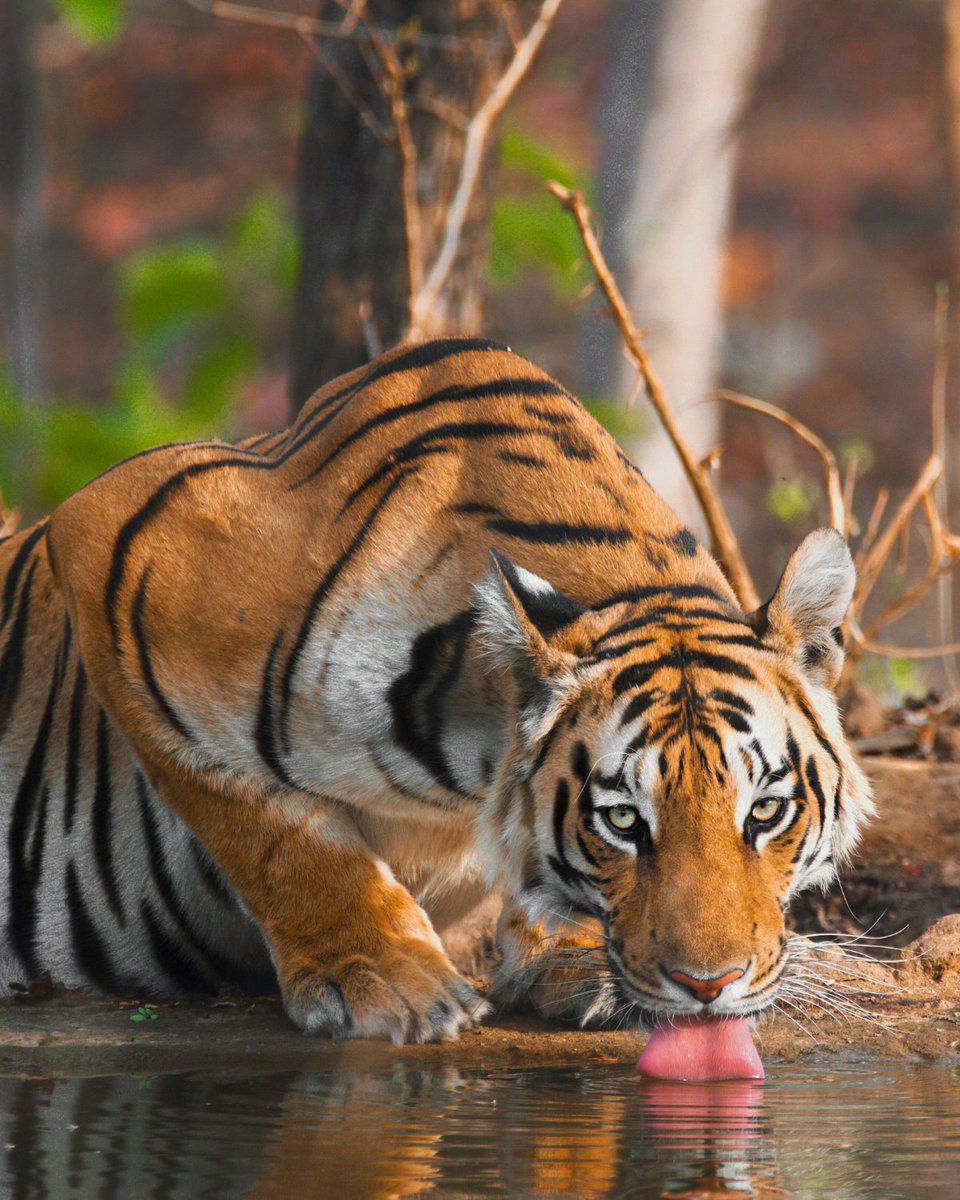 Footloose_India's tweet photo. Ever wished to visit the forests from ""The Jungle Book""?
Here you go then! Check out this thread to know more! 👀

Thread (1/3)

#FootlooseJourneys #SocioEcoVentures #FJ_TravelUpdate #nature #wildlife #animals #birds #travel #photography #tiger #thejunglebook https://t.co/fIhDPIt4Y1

* * *

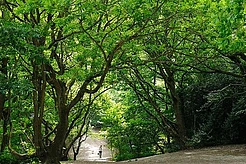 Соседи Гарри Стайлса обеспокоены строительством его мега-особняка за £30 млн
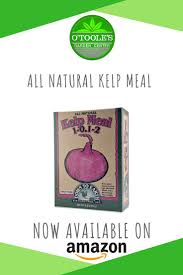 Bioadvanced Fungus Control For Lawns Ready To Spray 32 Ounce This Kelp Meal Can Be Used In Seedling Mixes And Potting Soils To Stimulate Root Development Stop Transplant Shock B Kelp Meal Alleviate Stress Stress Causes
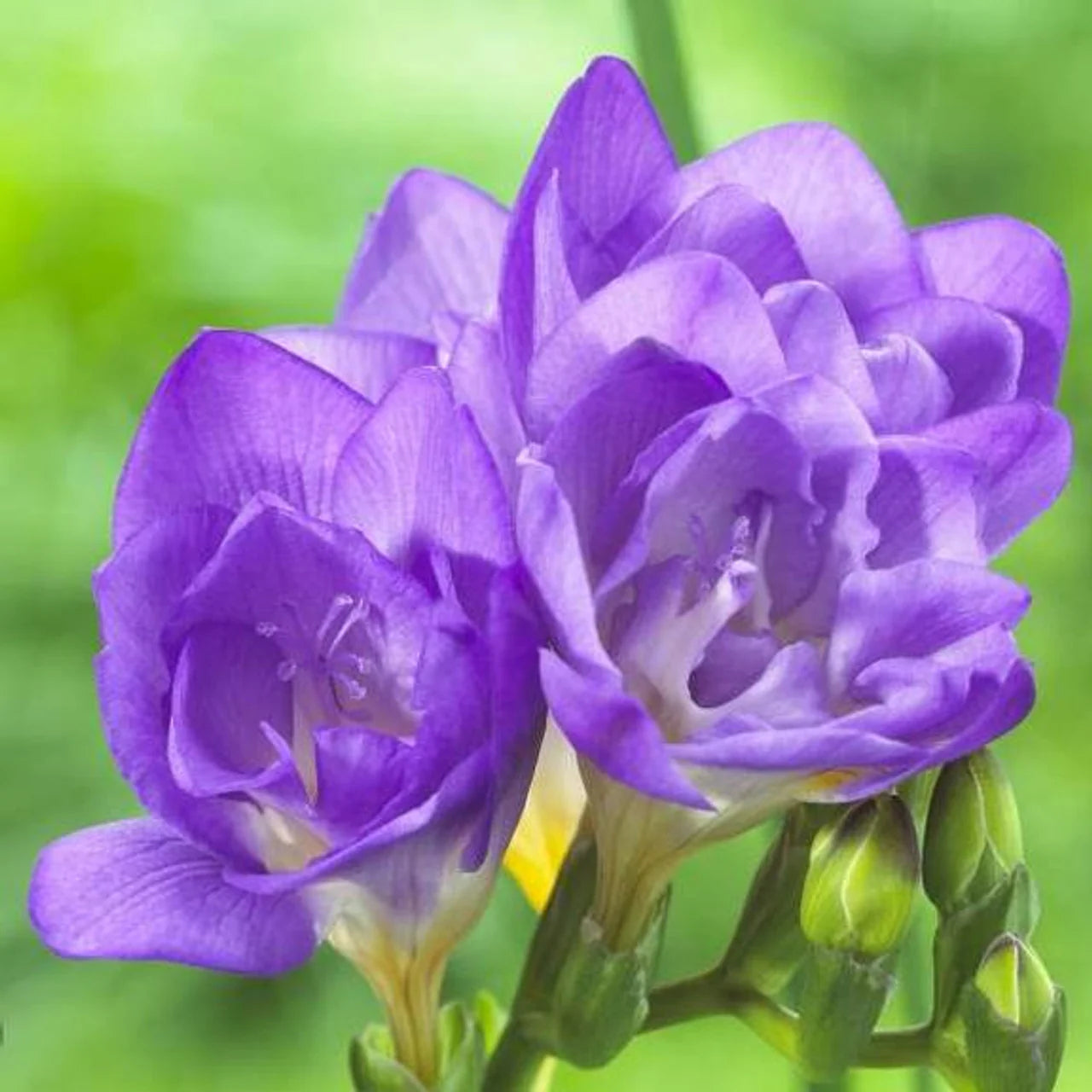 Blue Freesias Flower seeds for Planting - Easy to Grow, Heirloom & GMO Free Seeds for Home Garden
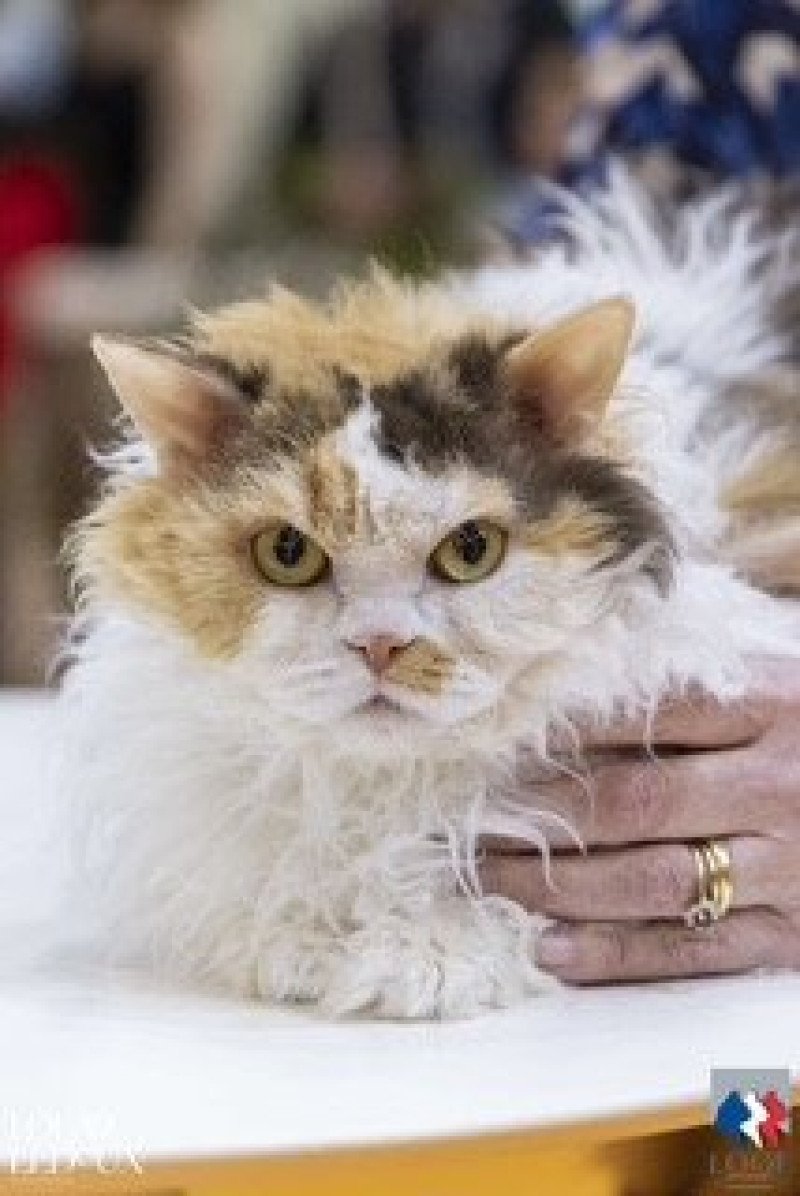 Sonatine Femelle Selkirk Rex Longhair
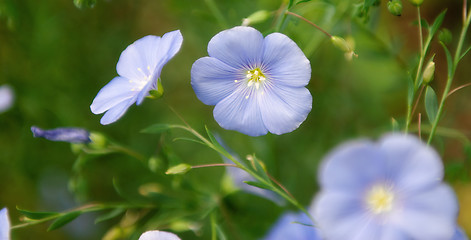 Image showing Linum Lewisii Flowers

...

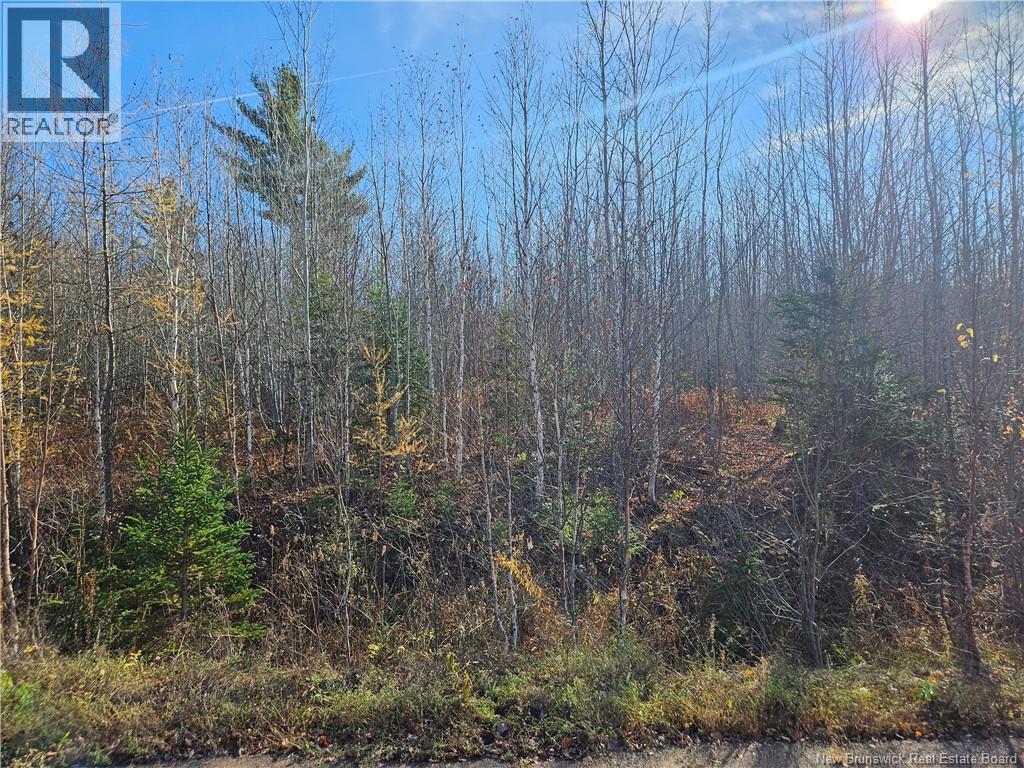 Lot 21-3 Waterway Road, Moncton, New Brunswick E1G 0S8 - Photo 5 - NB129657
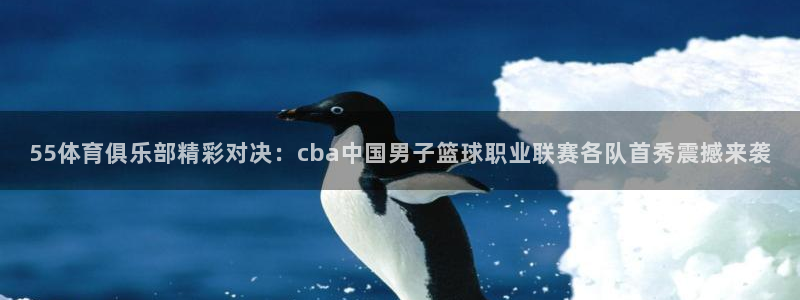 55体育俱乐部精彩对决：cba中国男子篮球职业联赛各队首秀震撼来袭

#### About this task
Reproduce the data above exactly, but only the lines from the one showing "Blue Freesias Flower" through the one showing "Image showing Linum Lewisii Flowers", with both ends kept and the pictures left out.

#### Answer to the problem
 Blue Freesias Flower seeds for Planting - Easy to Grow, Heirloom & GMO Free Seeds for Home Garden
 Sonatine Femelle Selkirk Rex Longhair
 Image showing Linum Lewisii Flowers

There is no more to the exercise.